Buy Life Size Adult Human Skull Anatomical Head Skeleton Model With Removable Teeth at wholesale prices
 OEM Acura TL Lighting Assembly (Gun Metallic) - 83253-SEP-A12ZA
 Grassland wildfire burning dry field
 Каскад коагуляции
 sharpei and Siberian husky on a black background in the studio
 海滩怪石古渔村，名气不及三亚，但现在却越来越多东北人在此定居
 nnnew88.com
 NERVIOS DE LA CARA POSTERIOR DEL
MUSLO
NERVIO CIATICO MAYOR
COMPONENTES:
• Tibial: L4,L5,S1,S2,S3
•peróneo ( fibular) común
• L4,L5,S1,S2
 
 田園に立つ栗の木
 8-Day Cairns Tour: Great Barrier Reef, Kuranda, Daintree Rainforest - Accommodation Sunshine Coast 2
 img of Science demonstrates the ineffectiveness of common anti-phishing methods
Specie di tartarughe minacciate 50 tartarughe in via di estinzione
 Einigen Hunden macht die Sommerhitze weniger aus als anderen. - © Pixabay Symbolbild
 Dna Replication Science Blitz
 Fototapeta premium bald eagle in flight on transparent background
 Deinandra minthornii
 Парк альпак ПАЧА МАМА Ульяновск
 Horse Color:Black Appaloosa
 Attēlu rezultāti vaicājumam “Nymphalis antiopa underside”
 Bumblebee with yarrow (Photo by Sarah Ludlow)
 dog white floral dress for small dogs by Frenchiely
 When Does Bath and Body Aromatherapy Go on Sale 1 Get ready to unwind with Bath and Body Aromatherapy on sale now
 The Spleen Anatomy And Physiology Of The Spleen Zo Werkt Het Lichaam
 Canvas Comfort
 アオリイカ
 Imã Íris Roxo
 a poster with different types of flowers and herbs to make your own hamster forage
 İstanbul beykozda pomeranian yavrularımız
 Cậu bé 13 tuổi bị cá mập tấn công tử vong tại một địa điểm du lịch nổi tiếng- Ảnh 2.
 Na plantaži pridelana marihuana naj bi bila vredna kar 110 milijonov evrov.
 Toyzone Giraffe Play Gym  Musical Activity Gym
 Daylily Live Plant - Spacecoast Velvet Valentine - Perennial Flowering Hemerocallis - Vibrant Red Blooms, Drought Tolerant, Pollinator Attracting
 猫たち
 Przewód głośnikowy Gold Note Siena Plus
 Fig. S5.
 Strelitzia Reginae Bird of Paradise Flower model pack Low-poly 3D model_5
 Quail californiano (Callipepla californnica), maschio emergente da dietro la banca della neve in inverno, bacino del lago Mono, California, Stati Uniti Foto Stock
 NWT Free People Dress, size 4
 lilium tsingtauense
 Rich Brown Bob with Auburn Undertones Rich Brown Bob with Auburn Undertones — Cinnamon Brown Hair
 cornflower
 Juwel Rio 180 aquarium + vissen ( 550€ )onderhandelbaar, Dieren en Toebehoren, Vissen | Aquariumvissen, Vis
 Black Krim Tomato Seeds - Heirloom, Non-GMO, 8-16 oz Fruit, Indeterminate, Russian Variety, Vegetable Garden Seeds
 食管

-=-=-=-=-

* Task to carry out *
The response must hold only the lines above from the line with "a poster with" through the line with "Cậu bé 13 tuổi", each copied exactly, both ends kept.

* Solution for this task *
 a poster with different types of flowers and herbs to make your own hamster forage
 İstanbul beykozda pomeranian yavrularımız
 Cậu bé 13 tuổi bị cá mập tấn công tử vong tại một địa điểm du lịch nổi tiếng- Ảnh 2.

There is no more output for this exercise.